→ **What is needed**: Copy nothing from the entries below except the lines from the one containing "The Calthorpe Collection" through the one containing "Lightfall - Fényhullás (Öröklétfölde 1.)", and copy those exactly.

▶

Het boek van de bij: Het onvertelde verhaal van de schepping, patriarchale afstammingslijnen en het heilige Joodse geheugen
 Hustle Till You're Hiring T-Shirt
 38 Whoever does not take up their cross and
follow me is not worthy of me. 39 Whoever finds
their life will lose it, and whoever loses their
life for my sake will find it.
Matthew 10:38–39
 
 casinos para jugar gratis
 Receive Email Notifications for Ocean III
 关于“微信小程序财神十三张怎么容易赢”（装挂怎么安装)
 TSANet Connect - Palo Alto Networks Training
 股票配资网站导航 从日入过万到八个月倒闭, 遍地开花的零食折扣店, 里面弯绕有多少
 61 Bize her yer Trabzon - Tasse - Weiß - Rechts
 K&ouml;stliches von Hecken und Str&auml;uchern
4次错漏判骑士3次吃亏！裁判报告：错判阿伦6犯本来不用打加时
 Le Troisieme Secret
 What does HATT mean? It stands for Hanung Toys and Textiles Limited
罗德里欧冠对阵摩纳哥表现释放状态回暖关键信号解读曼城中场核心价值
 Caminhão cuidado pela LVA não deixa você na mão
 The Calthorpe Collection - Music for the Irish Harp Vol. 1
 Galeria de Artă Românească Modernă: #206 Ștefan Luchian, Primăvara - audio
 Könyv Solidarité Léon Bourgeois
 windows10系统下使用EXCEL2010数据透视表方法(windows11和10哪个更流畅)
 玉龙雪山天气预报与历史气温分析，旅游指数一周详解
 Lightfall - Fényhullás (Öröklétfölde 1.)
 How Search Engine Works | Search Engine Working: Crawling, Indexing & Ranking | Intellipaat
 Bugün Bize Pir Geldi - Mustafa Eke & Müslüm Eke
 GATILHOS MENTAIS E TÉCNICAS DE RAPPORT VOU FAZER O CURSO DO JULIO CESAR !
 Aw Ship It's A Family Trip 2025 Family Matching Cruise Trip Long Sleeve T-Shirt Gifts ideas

◀

→ **Result of this exercise**:
 The Calthorpe Collection - Music for the Irish Harp Vol. 1
 Galeria de Artă Românească Modernă: #206 Ștefan Luchian, Primăvara - audio
 Könyv Solidarité Léon Bourgeois
 windows10系统下使用EXCEL2010数据透视表方法(windows11和10哪个更流畅)
 玉龙雪山天气预报与历史气温分析，旅游指数一周详解
 Lightfall - Fényhullás (Öröklétfölde 1.)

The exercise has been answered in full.